So she worked to become a principal to reach more families and open up a lifetime of choices—all except the one that would force them to make the same choice her parents did for her.
“I wanted to fight against this false narrative that you have to have a school that either values and honors your identity or one that offers kids a college prep education—I wanted to prove you could do both,” Lorehn said.
In just her second year as founding principal, Lorehn and her team at KIPP Northeast Elementary have consistently achieved a green rating—the second highest available on the Denver Public Schools quality scale. And, with a population where nearly half of the students are English learners, 86 percent are on track with their language growth. That’s one of the top 10 “on track” ratings of all elementary, middle and high schools in the district.
While the school moved from Montbello to Green Valley Ranch this year, the school serves a pretty even number of students from both neighborhoods in Far Northeast Denver. Through Denver’s SchoolChoice enrollment process, families in both communities have equal access to experience all that Lorehn has to offer.
Serving pre-K through third grade means students have not yet taken some of the state assessments used to evaluate growth. But, given the data that is available, Lorehn is proving she can strike just the right chord of excellence and love.
“Talking ’bout KIPP love—KIPP love!”
During my visit to Lorehn’s school, the love and respect her students have for each other literally echoed through the halls. Singing their own lyrically-revised version of “My Girl,” kiddos knew exactly how it felt to have teachers who could express both high expectations of them as well as their deep love and compassion for who they are as individuals.
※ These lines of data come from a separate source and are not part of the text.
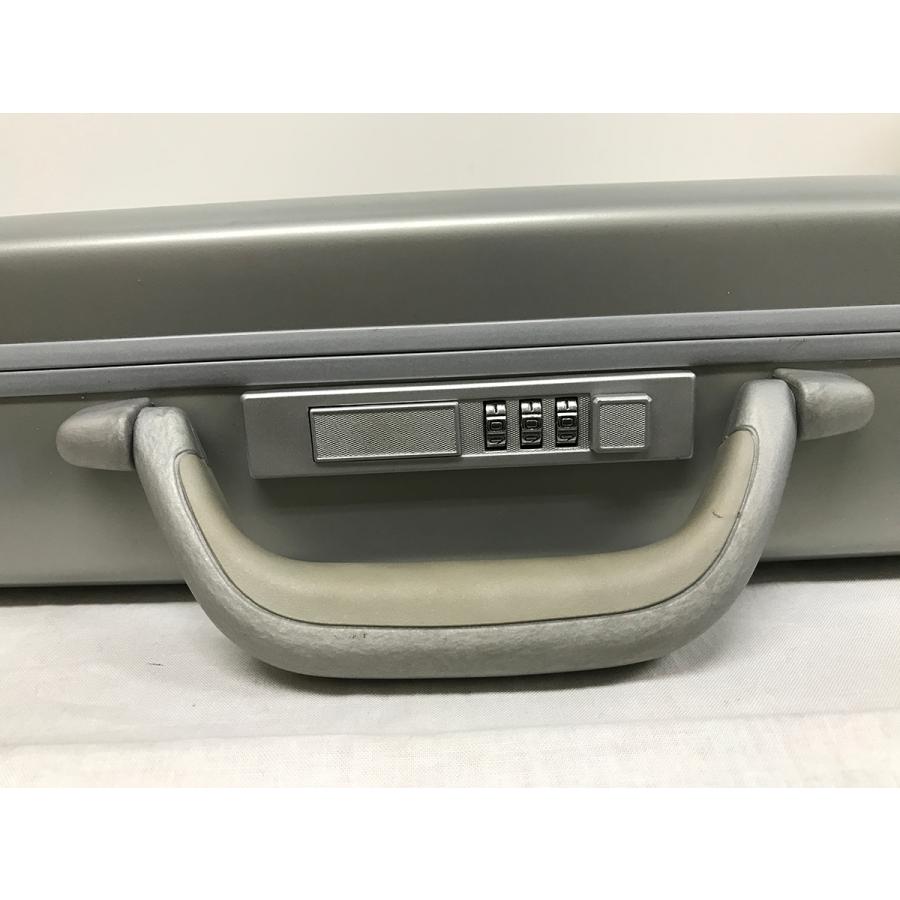 【中古品】アタッシュケース 中古□SANWA ノートPC用ハードケースA4 アタッシュケース BAG-ABS1☆紐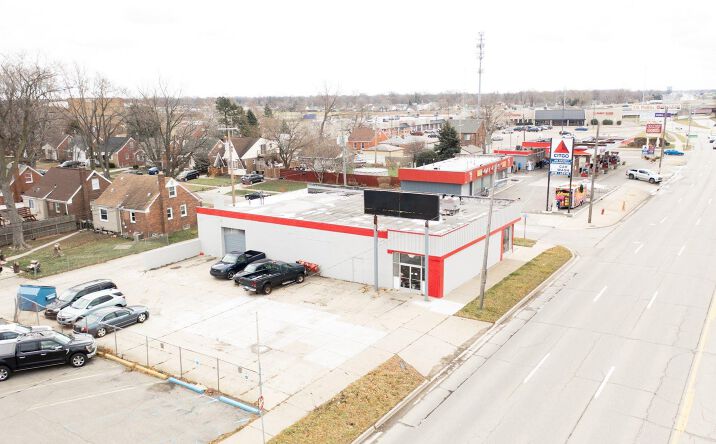Pictures of Land property located at 2477 Dix Highway, Lincoln Park, MI 48146 for sales - image #1
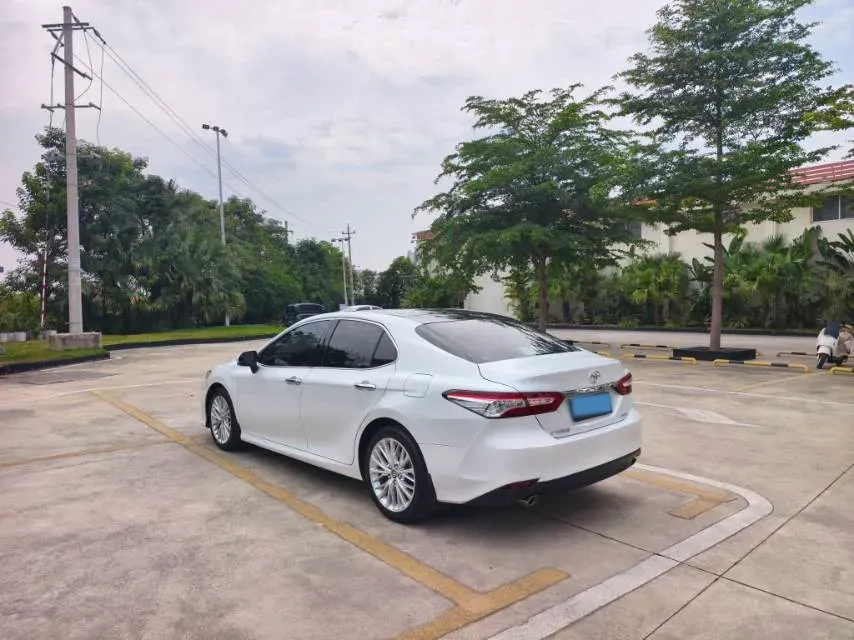 2019 Toyota Camry 2.5L 209HP L4 8AT,autocango,china used car exporter,china ev exporter,chinese used car exporter,chinese used ev exporter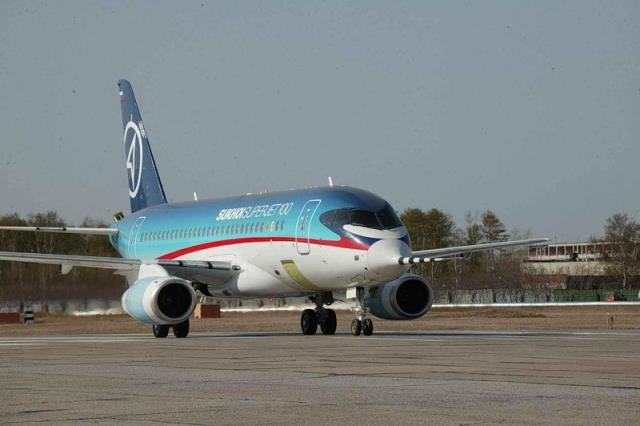 Поставки самолетов Sukhoi Superjet 100 для “ЮТэйр” начнутся в 2013 году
“From the moment we opened our doors, the feedback we got is that there’s such a positive tone with our teachers,” Lorehn said. “Teachers engage kids in such a loving way—every child is being loved on, being valued as a human being.”
Love is one of the values Lorehn founded the school with and every kiddo knows how to receive and show love. I’m not sure more than a few minutes passed without someone offering someone else a hug. And for those with sensitivity to personal space, two claps and a warm set of spirit fingers seemed to do just fine.
Families feel the love, too. As often as she can, Lorehn welcomes parents into the building to cheer for the Kippster of the Week, read during family literacy time or volunteer in their child’s classroom. Those who can’t make it to school need only to check their phone for a pic of their child laughing and loving what they’re learning in class, as every teacher has a KIPP phone to help families stay connected to their child throughout the day.
When I dropped by on an unusually dreary Colorado morning, Lorehn and her Kippsters had nothing but “sunshine on a cloudy day.”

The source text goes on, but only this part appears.